Lambo played goalkeeper for a U.S. youth team against the likes of Germany’s Toni Kroos and Belgium’s Eden Hazard before becoming the first player to go from high-level soccer to the NFL—a move Kane would like to replicate when his time in the Premier League ends.
“I have always said I’d like to try and see if it would be possible,” Kane told SI.com last summer. “It depends on how my career goes and injuries and how I age. But if I get to a stage where I am still fit and feel like I can do a job, I’d love to. If they have a team in England, it could work perfectly.”
Suh’s father played semipro in Germany while studying to become a mechanical engineer; his older sister spent time with Cameroon’s national team as a midfielder, playing in the 2008 African Women’s Championship. While other NFL players fell for soccer only recently, Suh grew up playing the sport before he physically outgrew it in eighth grade. He’s been hooked since 1994, when he watched Cameroon play a World Cup game in the U.S. Cameroon didn’t qualify this year, so Suh has adopted Nigeria, because it’s an African nation and because it has accepted refugees from its southern neighbor.
On the flip side, a number of young U.S. players who compete in Germany have helped popularize the other football with their Bundesliga teammates. Weston McKennie (Schalke) and Christian Pulisic (Borussia Dortmund) set aside their club rivalry to have a Super Bowl party last February, along with Schalke youth player and Virginia-born Nick Taitague. Schalke U-19 keeper Timon Weiner hosted a party for the group, complete with mounds of chicken wings and cookies from Subway.
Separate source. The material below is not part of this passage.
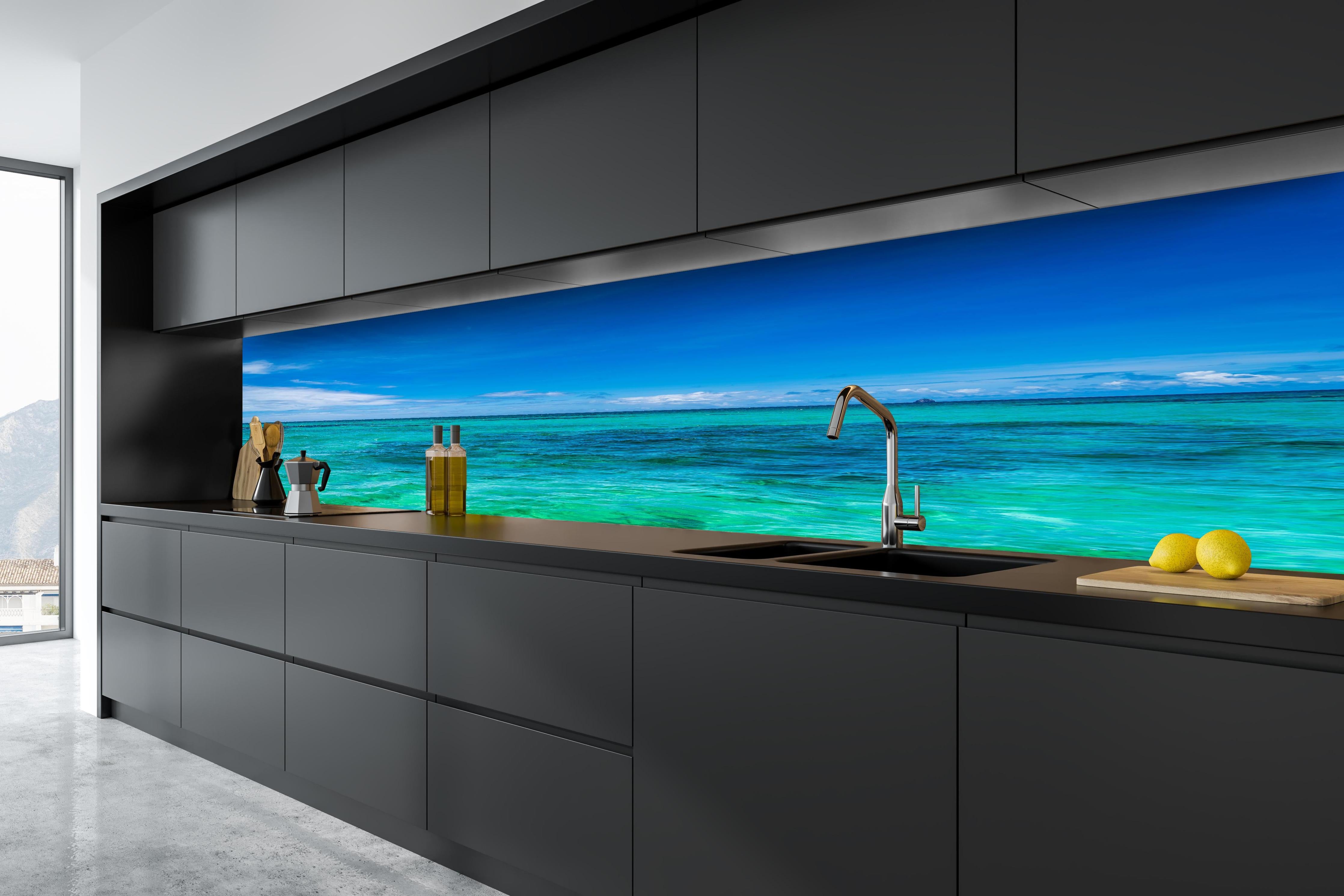 Küche - Klarmarkiertes, türkisblaues Wasser unter hellem Himmel hinter weißen Hochglanz-Küchenregalen und schwarzem Wasserhahn
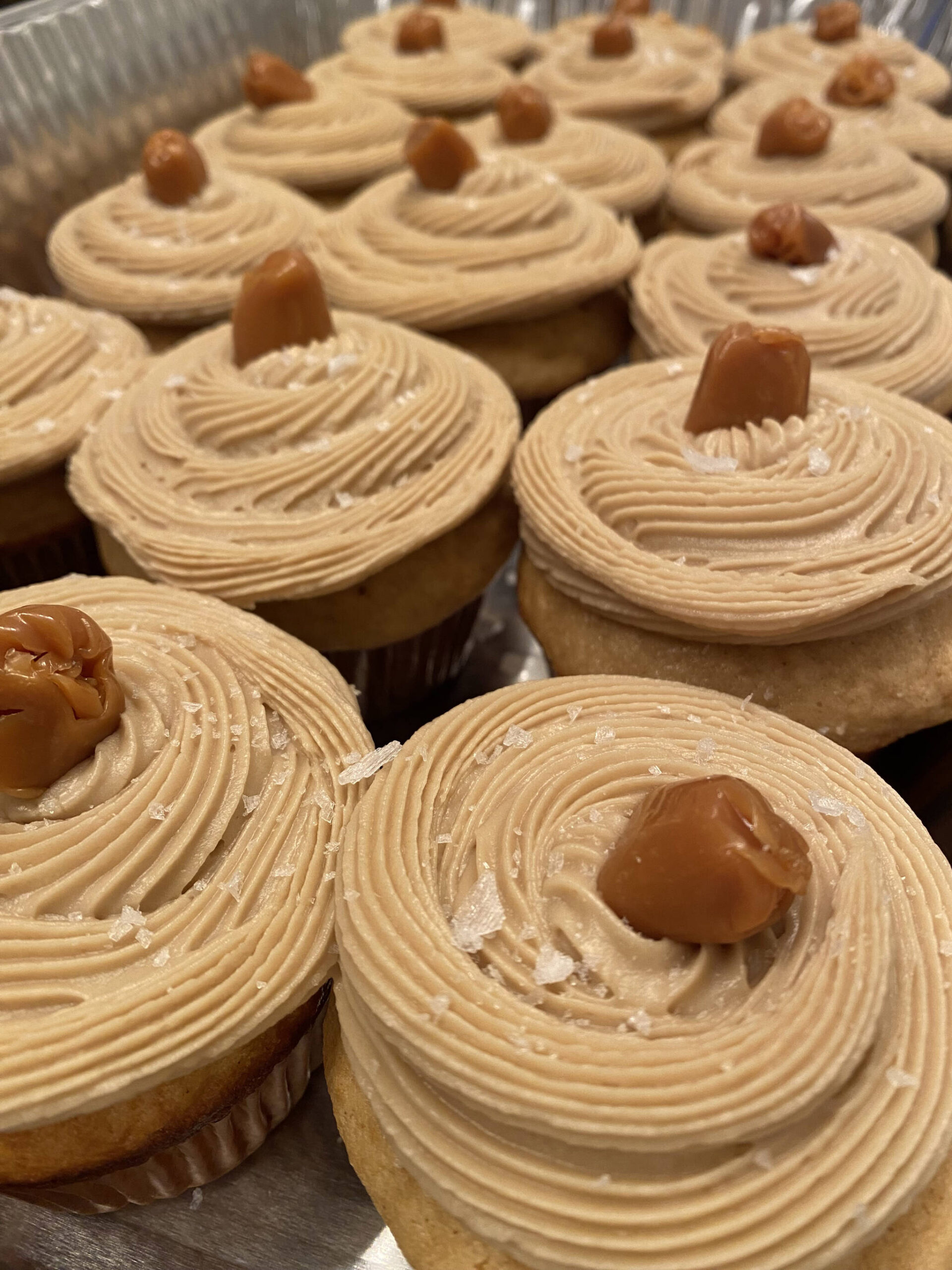 These salted caramel cupcakes topped with caramel candy balance sweetness with Maldon salt. (Photo by Tressa Dale/Peninsula Clarion)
“A couple of years ago, teammates never would have been talking about [the Super Bowl],” Taitague says. “It’s cool to see.”
The group stayed up past 5 a.m. to watch the Eagles’ 41–33 win over the Patriots. The next day, the players debated Butler’s benching and reviewed highlights to understand how Philadelphia quarterback Nick Foles pulled off that fourth-and-goal trick play. As Kane rooted for Brady from England, so did 19-year-old Florian Krüger in Germany.
“He is like an idol for me,” the Schalke forward says.
Krüger (a Rams fan) and Weiner (a Giants fan) spent the next several months obsessing over mock drafts, keeping Taitague up to date with the latest rumors.
The Super Bowl will never match the World Cup for global attention, no matter how many games the NFL plays on other continents. But after the trophy is awarded on July 15 in Moscow, the bonds between professional football and soccer players will continue to grow. And FIFA 19 should be out in September.